**What is expected**.
Only the lines from the one that includes "Snapshot of zelyot" through the last line below belong in the reply, copied exactly and without pictures.

**Data section**.
○ ○ ○

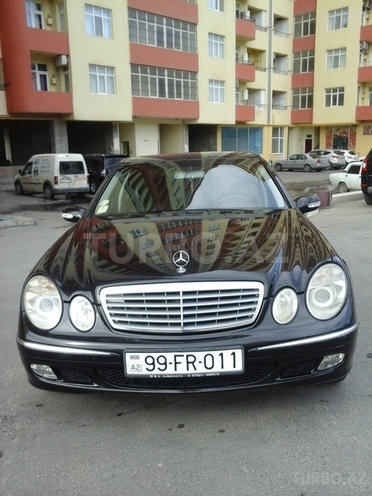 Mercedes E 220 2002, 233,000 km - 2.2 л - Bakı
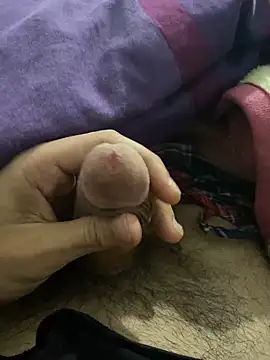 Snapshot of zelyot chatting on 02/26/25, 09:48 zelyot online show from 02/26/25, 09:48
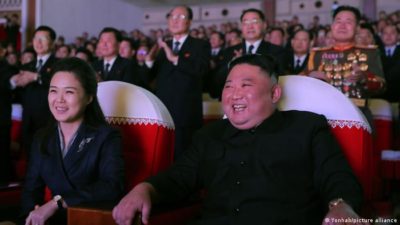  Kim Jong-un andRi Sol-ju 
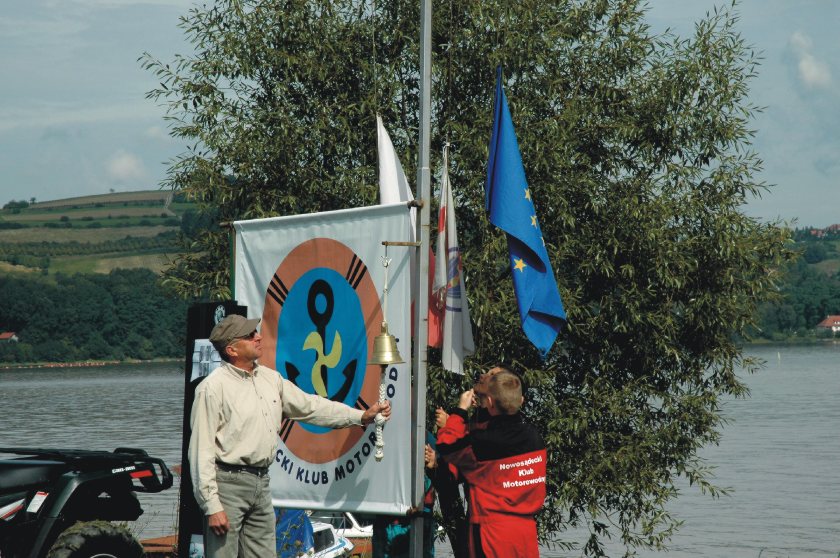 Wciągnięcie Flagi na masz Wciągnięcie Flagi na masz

○ ○ ○

**Task result**.
 Snapshot of zelyot chatting on 02/26/25, 09:48 zelyot online show from 02/26/25, 09:48
  Kim Jong-un andRi Sol-ju 
 Wciągnięcie Flagi na masz Wciągnięcie Flagi na masz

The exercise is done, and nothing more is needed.